======== Source data ========

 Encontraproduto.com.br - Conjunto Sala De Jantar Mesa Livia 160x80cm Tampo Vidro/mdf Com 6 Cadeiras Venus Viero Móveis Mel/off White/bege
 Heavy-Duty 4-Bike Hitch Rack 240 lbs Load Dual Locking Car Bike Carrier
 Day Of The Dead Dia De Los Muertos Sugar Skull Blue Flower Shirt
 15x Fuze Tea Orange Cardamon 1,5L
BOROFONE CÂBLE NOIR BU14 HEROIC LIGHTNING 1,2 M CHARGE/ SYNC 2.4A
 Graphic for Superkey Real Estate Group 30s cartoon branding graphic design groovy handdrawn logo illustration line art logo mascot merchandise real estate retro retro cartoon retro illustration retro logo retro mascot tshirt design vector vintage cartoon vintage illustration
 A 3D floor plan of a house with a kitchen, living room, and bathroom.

========
======== Source data ========

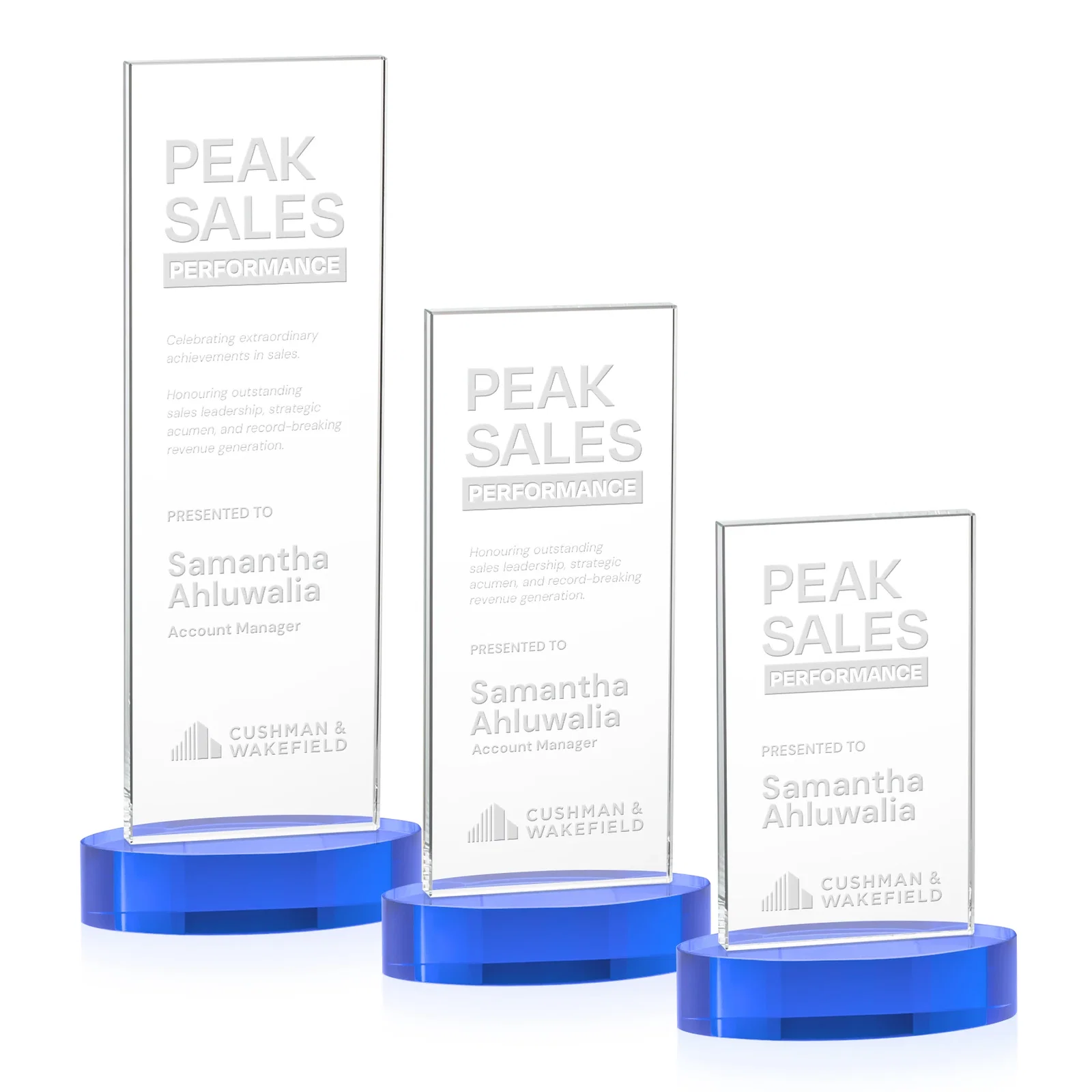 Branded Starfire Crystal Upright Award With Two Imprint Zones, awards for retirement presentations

========

◆ **Activity**
Looking at the records above, return exactly the lines from the line with "Encontraproduto.com.br - Conjunto" to the line with "Graphic for Superkey", both ends included.

◆ **Answer for this exercise**
 Encontraproduto.com.br - Conjunto Sala De Jantar Mesa Livia 160x80cm Tampo Vidro/mdf Com 6 Cadeiras Venus Viero Móveis Mel/off White/bege
 Heavy-Duty 4-Bike Hitch Rack 240 lbs Load Dual Locking Car Bike Carrier
 Day Of The Dead Dia De Los Muertos Sugar Skull Blue Flower Shirt
 15x Fuze Tea Orange Cardamon 1,5L
BOROFONE CÂBLE NOIR BU14 HEROIC LIGHTNING 1,2 M CHARGE/ SYNC 2.4A
 Graphic for Superkey Real Estate Group 30s cartoon branding graphic design groovy handdrawn logo illustration line art logo mascot merchandise real estate retro retro cartoon retro illustration retro logo retro mascot tshirt design vector vintage cartoon vintage illustration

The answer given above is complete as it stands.